- **PROMPT**: Transcribe only the part of the material below that begins at the line containing "Un bébé allongé pour nettoyer son nez" and ends at the line containing "Vintage pop in", with both kept and images left out.

- **MATERIALS PROVIDED**:

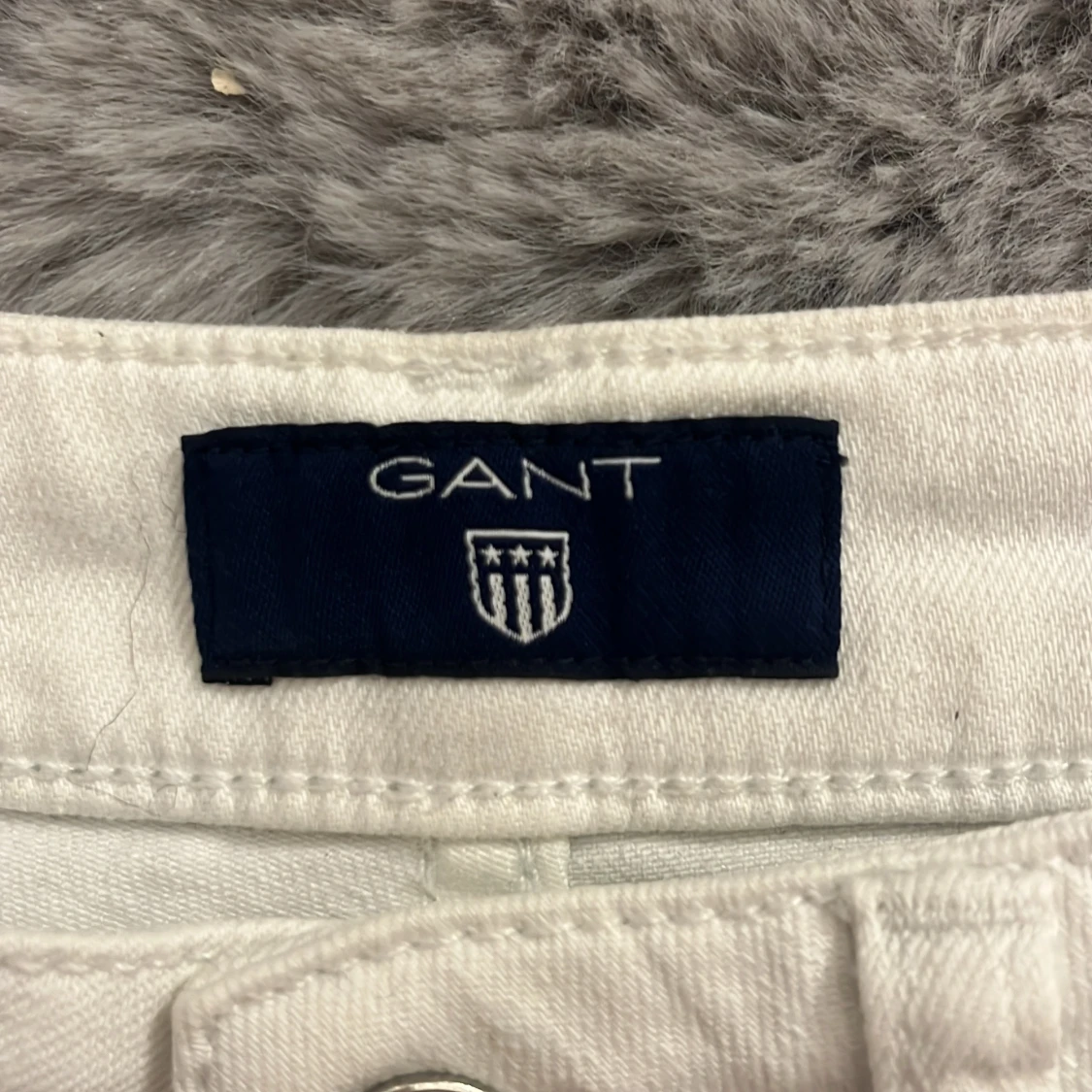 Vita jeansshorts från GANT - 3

* * *

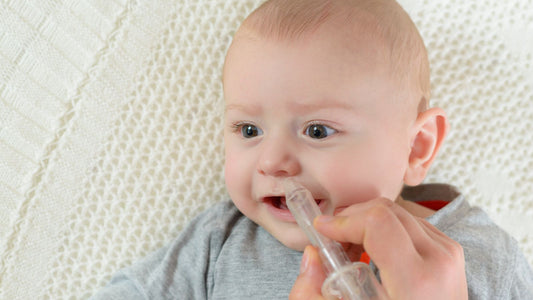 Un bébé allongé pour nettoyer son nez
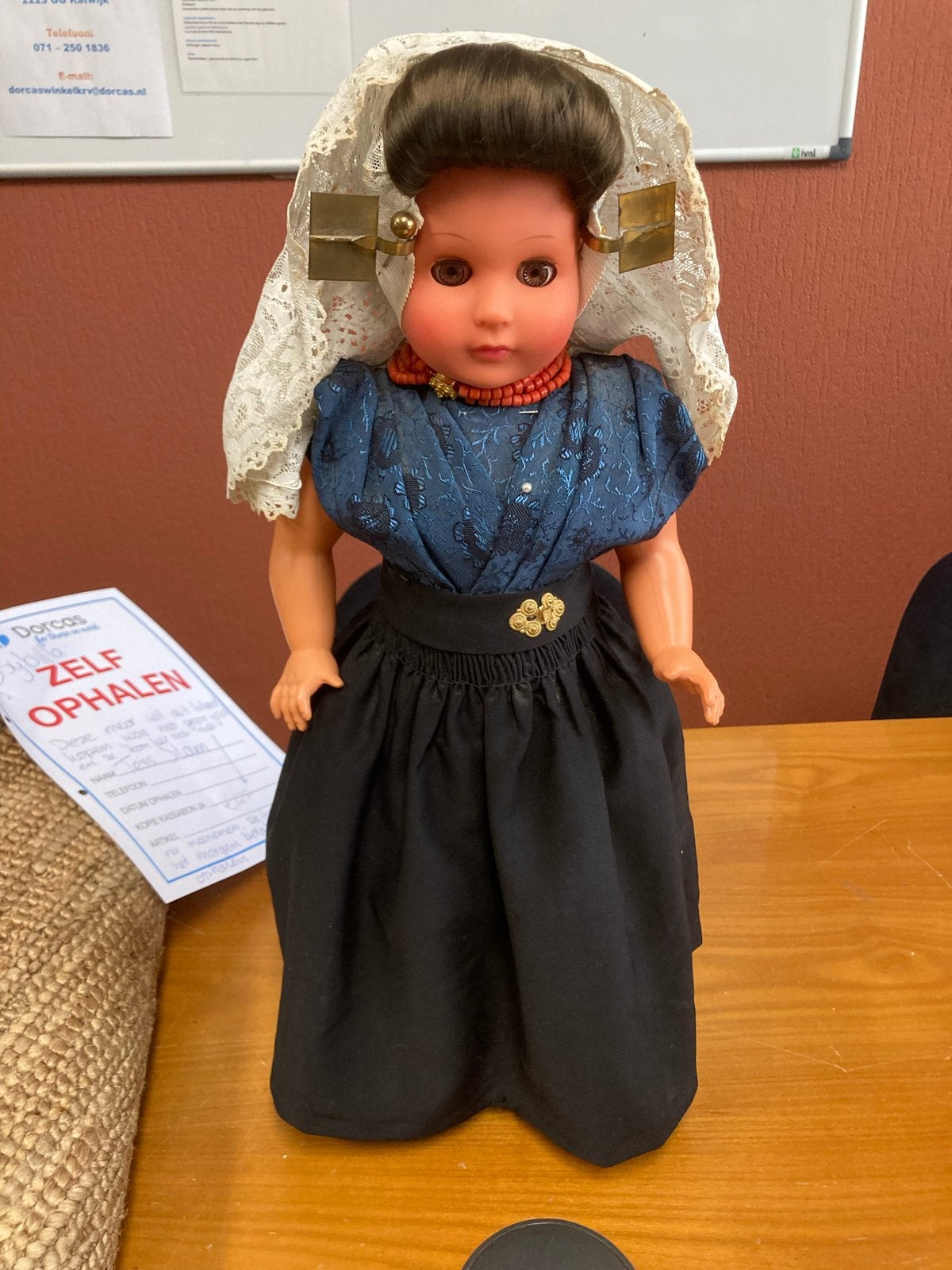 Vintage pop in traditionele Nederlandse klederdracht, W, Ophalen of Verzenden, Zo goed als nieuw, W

- **EXERCISE ANSWER**:
 Un bébé allongé pour nettoyer son nez
 Vintage pop in traditionele Nederlandse klederdracht, W, Ophalen of Verzenden, Zo goed als nieuw, W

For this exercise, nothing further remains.